The global infrastructure giant expects to generate steadily growing cash flow, which should fuel 5% to 9% annual distribution growth, if everything goes according to plan
Brookfield Infrastructure Partners (NYSE:BIP) is one of the largest owners of infrastructure assets in the world. From toll roads in India, Brazil, and Peru to ports throughout Europe, Asia, South America, and Australia, along with several other assets in between, the company owns a diverse set of backbone infrastructure assets that generate steady cash flow, underpinned by long-term contracts and regulatory frameworks. Those two factors support not only the company’s cash flow but also its growth projections.
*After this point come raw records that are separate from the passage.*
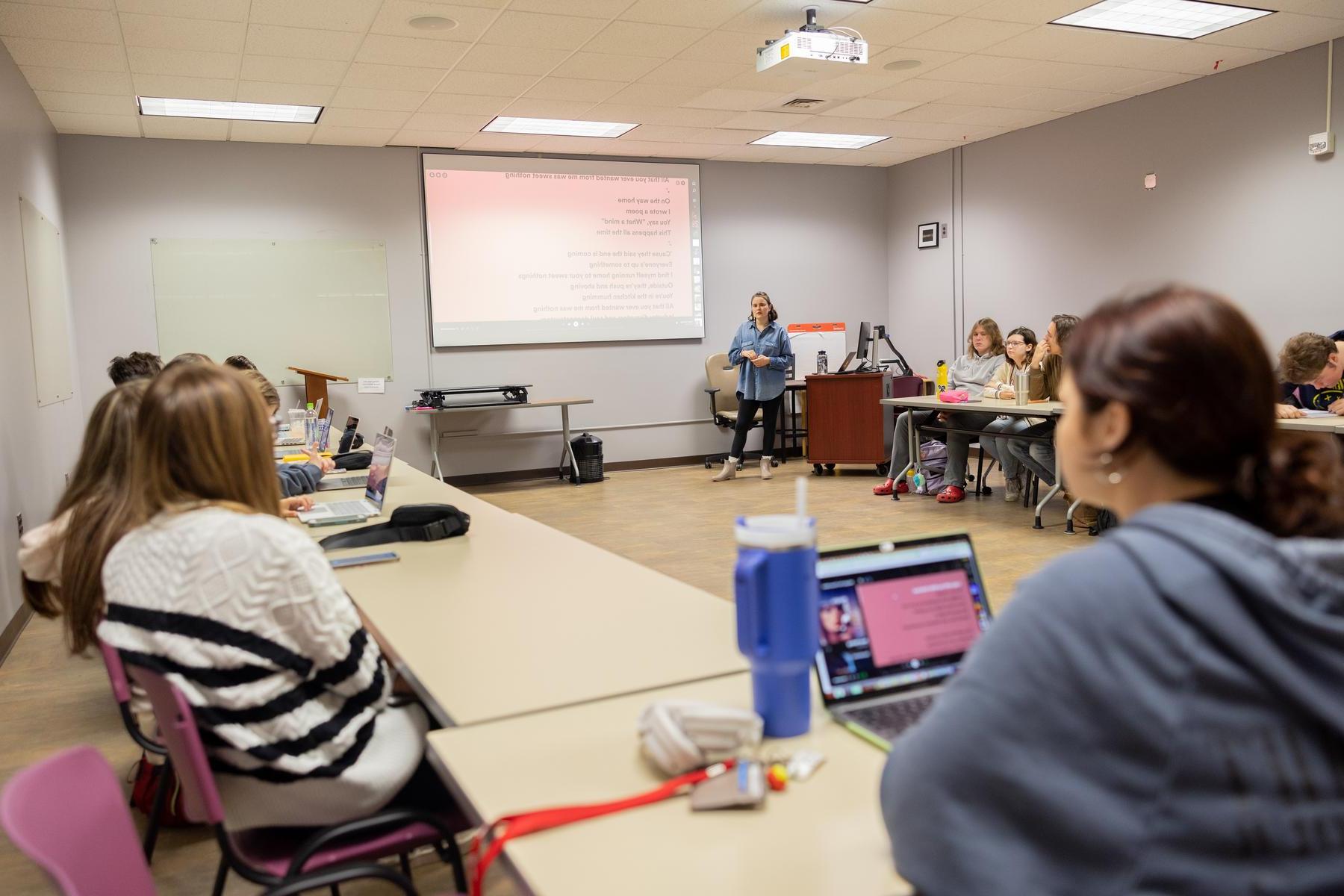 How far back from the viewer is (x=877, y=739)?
119 centimetres

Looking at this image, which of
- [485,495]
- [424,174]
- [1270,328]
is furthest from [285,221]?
[1270,328]

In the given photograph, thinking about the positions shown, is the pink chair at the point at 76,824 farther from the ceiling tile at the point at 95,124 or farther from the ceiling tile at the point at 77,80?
the ceiling tile at the point at 95,124

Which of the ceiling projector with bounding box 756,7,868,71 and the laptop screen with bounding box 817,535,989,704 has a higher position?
the ceiling projector with bounding box 756,7,868,71

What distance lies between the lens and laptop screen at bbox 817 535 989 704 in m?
1.27

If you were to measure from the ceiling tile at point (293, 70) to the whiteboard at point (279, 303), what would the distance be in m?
2.10

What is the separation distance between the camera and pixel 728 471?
811 cm

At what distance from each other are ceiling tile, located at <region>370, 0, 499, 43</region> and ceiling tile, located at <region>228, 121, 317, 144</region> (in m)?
2.27

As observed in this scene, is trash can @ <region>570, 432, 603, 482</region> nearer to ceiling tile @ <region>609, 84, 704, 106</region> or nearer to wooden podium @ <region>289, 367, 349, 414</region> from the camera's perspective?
wooden podium @ <region>289, 367, 349, 414</region>

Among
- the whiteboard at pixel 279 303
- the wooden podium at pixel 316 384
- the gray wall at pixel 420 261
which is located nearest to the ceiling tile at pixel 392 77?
the gray wall at pixel 420 261

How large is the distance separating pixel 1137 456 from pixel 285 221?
776cm

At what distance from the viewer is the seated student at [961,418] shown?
666 centimetres

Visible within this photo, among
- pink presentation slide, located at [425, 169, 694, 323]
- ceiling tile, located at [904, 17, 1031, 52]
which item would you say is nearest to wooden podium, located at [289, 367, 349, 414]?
pink presentation slide, located at [425, 169, 694, 323]

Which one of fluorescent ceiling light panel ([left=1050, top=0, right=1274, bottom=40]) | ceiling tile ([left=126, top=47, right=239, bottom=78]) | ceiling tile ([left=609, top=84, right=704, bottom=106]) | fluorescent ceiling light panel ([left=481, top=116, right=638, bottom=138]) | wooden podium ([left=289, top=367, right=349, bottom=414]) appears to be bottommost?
wooden podium ([left=289, top=367, right=349, bottom=414])

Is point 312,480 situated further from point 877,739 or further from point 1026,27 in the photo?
point 1026,27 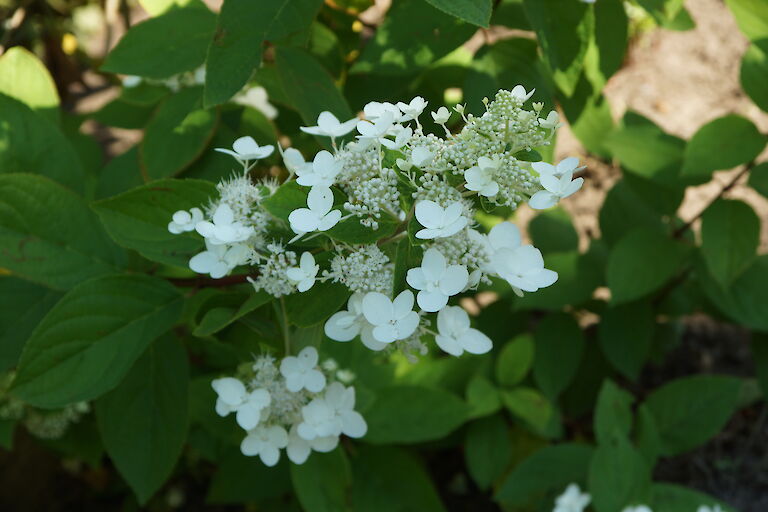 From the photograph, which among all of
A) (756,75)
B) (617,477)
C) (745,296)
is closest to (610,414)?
(617,477)

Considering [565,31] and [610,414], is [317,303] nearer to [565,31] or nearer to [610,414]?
[565,31]

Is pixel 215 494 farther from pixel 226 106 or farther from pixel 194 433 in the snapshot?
pixel 226 106

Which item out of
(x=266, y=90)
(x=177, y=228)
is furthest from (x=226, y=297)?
(x=266, y=90)

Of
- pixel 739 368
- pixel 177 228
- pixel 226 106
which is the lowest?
pixel 739 368

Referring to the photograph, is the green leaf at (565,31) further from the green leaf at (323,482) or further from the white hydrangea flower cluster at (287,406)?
the green leaf at (323,482)

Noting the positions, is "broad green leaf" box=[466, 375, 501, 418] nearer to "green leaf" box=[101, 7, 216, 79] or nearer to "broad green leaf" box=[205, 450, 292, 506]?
"broad green leaf" box=[205, 450, 292, 506]

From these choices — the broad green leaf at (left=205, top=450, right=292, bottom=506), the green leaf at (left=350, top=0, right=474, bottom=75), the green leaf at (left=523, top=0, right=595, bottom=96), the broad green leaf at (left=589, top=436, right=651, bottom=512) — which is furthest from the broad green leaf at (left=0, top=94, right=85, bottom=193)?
the broad green leaf at (left=589, top=436, right=651, bottom=512)

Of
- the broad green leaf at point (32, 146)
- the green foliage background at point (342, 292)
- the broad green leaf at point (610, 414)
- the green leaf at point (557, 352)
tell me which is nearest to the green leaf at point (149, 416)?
the green foliage background at point (342, 292)

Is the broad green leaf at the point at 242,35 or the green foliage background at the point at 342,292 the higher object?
the broad green leaf at the point at 242,35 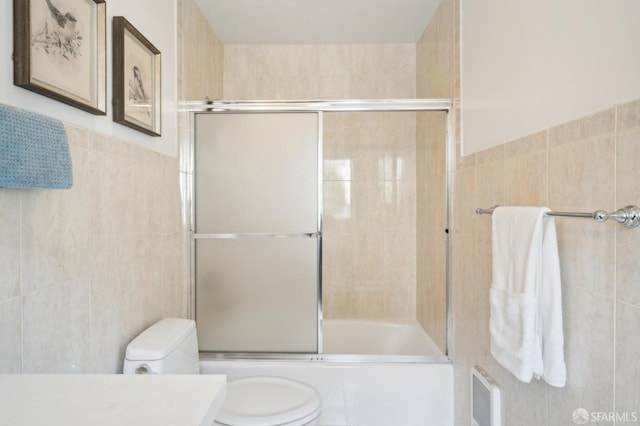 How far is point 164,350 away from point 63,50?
1.02m

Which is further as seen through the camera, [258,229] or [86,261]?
[258,229]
In fact, the company estimates that a combination of inflationary price increases, volume upside from GPD growth, and capital projects under way will drive 6% to 9% annual organic growth in its funds from operations, which should fuel 5% to 9% annual distribution growth. Meanwhile, a steady diet of acquisitions could push those numbers meaningfully higher in the future.
But not all that growth is a sure thing. Here’s a look at what might cause the company to underperform expectations.
Inflation might not help as much as hoped
One of the three pillars of Brookfield Infrastructure Partners’ organic growth projection is the ability to capture inflationary price increases through regulatory frameworks and long-term contracts. For example, the company recently acquired a natural gas transmission business in Brazil from oil giant Petrobras (NYSE:PBR).
One of the draws of that deal was that the company could collect steadily growing cash flow because Petrobras locked 100% of the system’s capacity up under long-term ship-or-pay gas transmission agreements that come with full inflation indexation. That means Brookfield can increase rates with inflation, enabling cash flow to grow steadily.